Records supplied »

━━━━━━━━━━━━━━━━━━━━

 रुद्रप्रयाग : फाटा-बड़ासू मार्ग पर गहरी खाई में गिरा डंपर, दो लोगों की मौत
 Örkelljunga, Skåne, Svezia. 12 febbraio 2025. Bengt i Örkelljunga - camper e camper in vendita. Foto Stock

━━━━━━━━━━━━━━━━━━━━

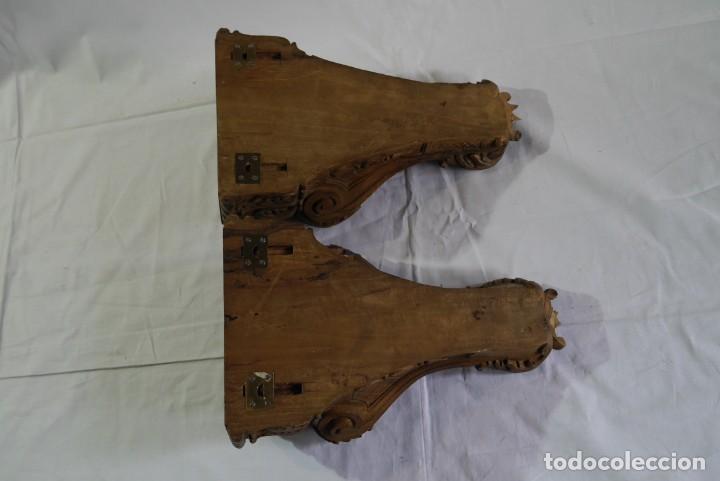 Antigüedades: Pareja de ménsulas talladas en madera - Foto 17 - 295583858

━━━━━━━━━━━━━━━━━━━━

How to complete this task » Above are the records. Print exactly, and only, the lines from the line with "रुद्रप्रयाग : फाटा-बड़ासू" to the line with "Örkelljunga, Skåne, Svezia.", both inclusive.

Your solution »
 रुद्रप्रयाग : फाटा-बड़ासू मार्ग पर गहरी खाई में गिरा डंपर, दो लोगों की मौत
 Örkelljunga, Skåne, Svezia. 12 febbraio 2025. Bengt i Örkelljunga - camper e camper in vendita. Foto Stock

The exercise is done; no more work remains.